What to do: Transcribe every line from the one containing "Erich-Fill-Triathlon Taunusstein 2026" through the end of the records below, exactly, but not the pictures.

Data for this exercise:
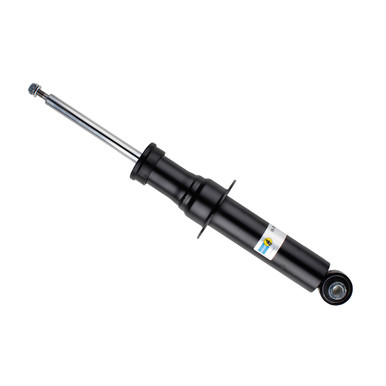 Bilstein 18-19 BMW X3 /2019 X4 B4 OE Replacement Shock Rear | 19-295695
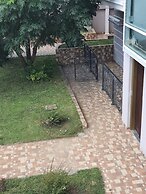 ROEL Residence Apartments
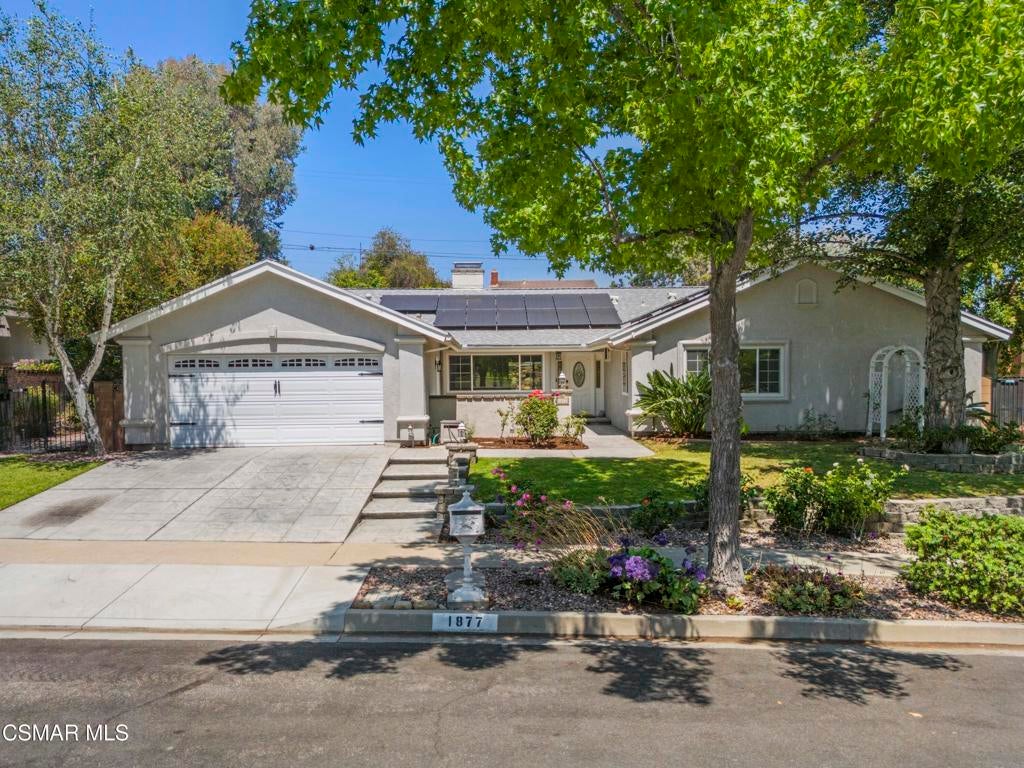 Photo of Listing #225003297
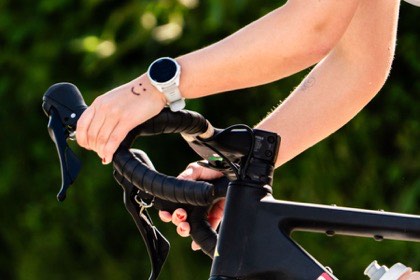 Erich-Fill-Triathlon Taunusstein 2026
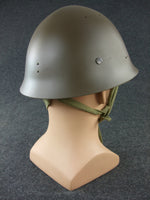 WWII Japanese NAVY Type 90 T90 Helmet Replica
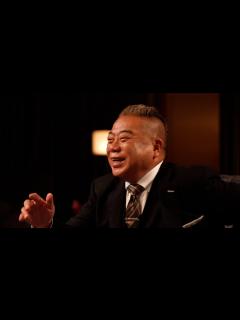 [x]出川哲朗、過去一ビックリした“落とし穴”を回想 まさかの仕掛け人に本人も驚愕「人は本当にビックリすると声が出ない」 - YouTube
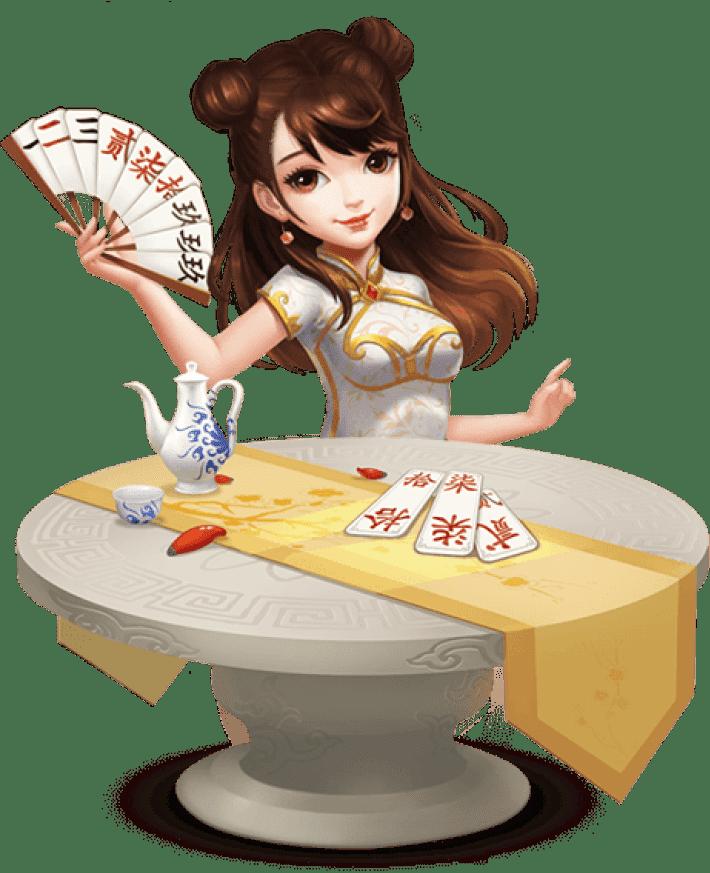 เศรษฐี777สล็อต เล่นง่าย โบนัสแตกไว ฝาก-ถอนเร็วที่สุด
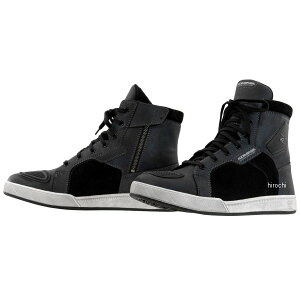 y[J[݌ɂz BK-091 R~l KOMINE WP }CNt@Co[ CfBOXj[J[  28TCY 4573325770140 HDX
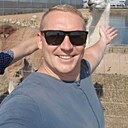 Владислав, 36 лет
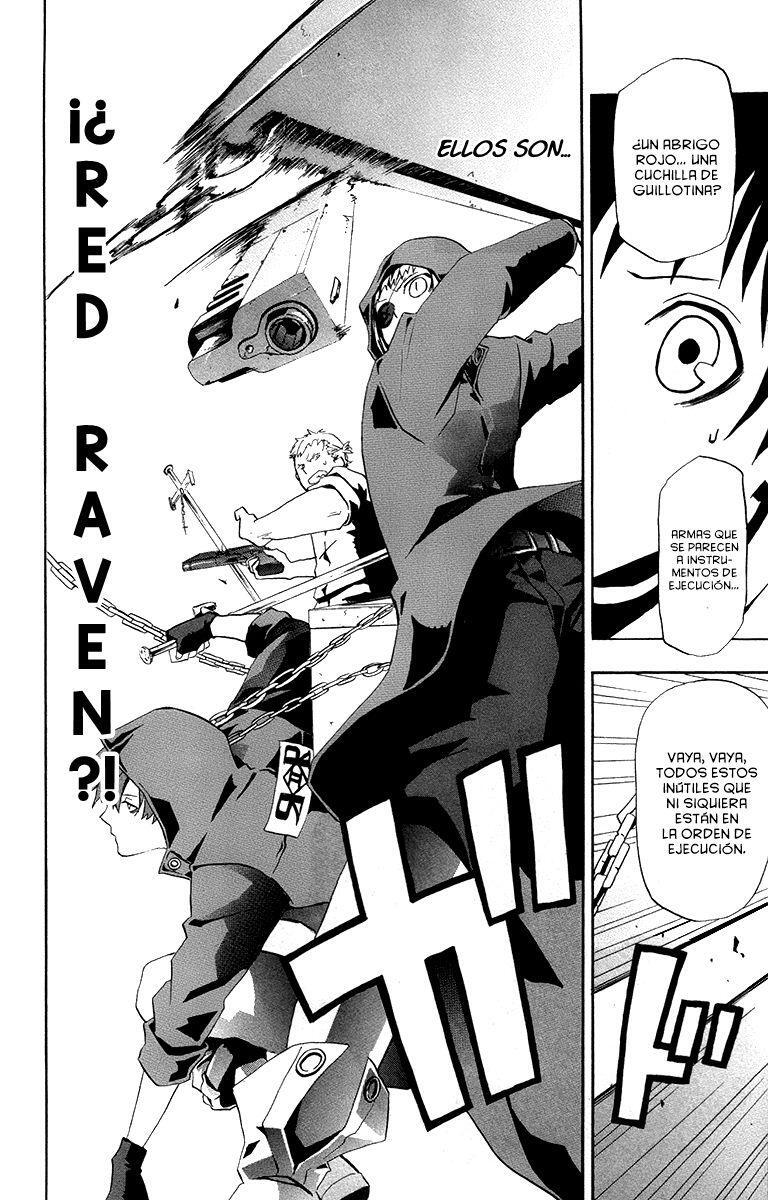 Capitulo 9 page 24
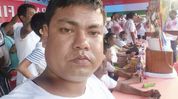 Dhubri woman accuses Dharmasala GP president’s husband of sexual assault Dhubri woman accuses Dharmasala GP president’s husband of sexual assault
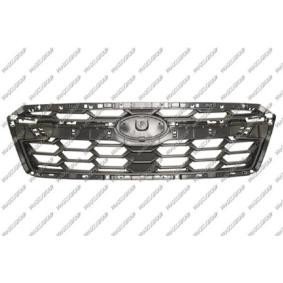 Kühlergrill SB7042001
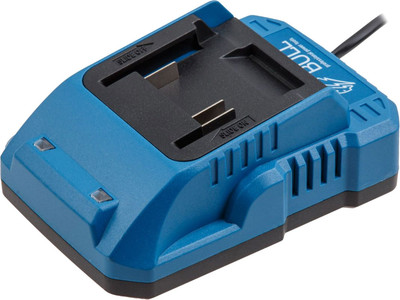 Зарядное устройство для электроинструмента Bull LD 2006 / 1329598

Response:
 Erich-Fill-Triathlon Taunusstein 2026
 WWII Japanese NAVY Type 90 T90 Helmet Replica
 [x]出川哲朗、過去一ビックリした“落とし穴”を回想 まさかの仕掛け人に本人も驚愕「人は本当にビックリすると声が出ない」 - YouTube
 เศรษฐี777สล็อต เล่นง่าย โบนัสแตกไว ฝาก-ถอนเร็วที่สุด
 y[J[݌ɂz BK-091 R~l KOMINE WP }CNt@Co[ CfBOXj[J[  28TCY 4573325770140 HDX
 Владислав, 36 лет
 Capitulo 9 page 24
 Dhubri woman accuses Dharmasala GP president’s husband of sexual assault Dhubri woman accuses Dharmasala GP president’s husband of sexual assault
 Kühlergrill SB7042001
 Зарядное устройство для электроинструмента Bull LD 2006 / 1329598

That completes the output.